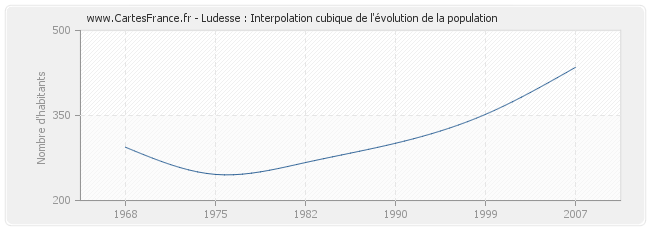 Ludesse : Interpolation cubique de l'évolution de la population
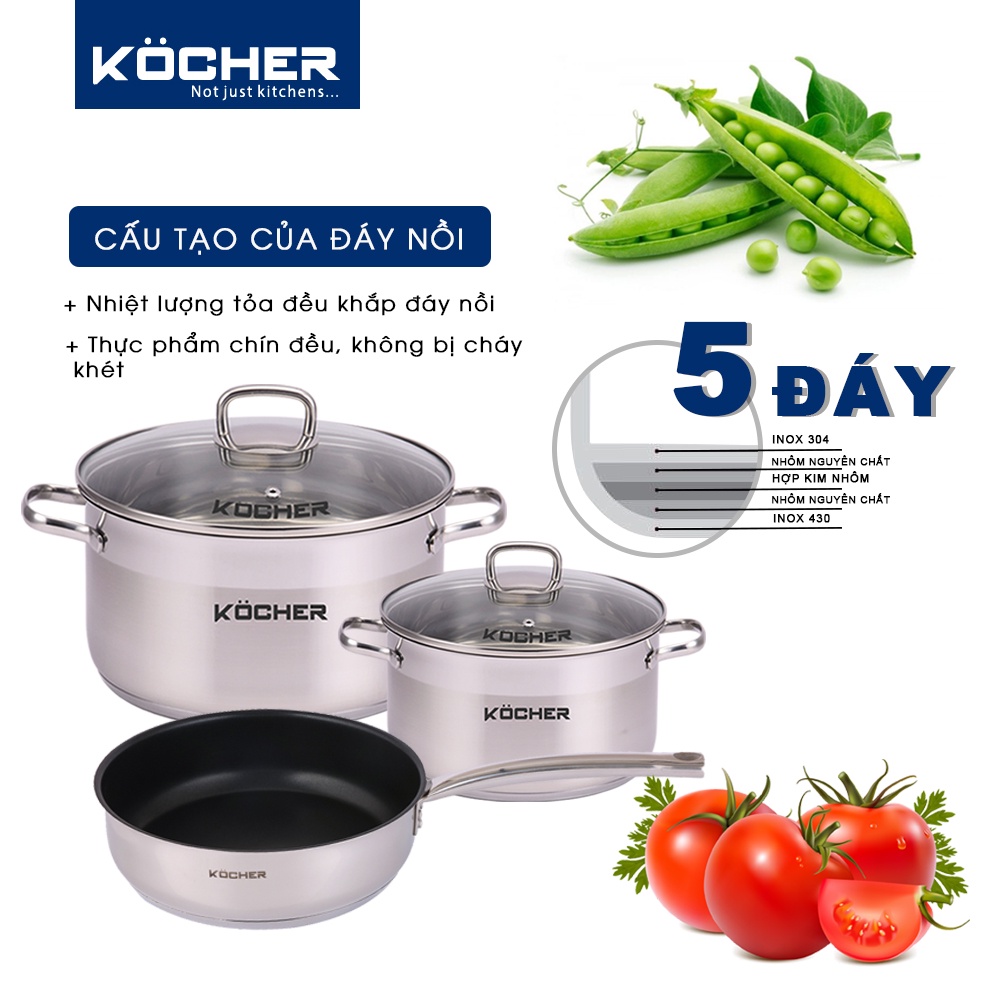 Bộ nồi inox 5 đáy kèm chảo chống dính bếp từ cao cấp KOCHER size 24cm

--------------------------------------------------

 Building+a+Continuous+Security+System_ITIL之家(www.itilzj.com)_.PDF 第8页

--------------------------------------------------

• **Problem to work on**: Within the listing above, the lines from the one with "Ludesse : Interpolation" through the one with "Bộ nồi inox" are to be given again word for word. Do not include pictures.

• **Your solution**:
 Ludesse : Interpolation cubique de l'évolution de la population
 Bộ nồi inox 5 đáy kèm chảo chống dính bếp từ cao cấp KOCHER size 24cm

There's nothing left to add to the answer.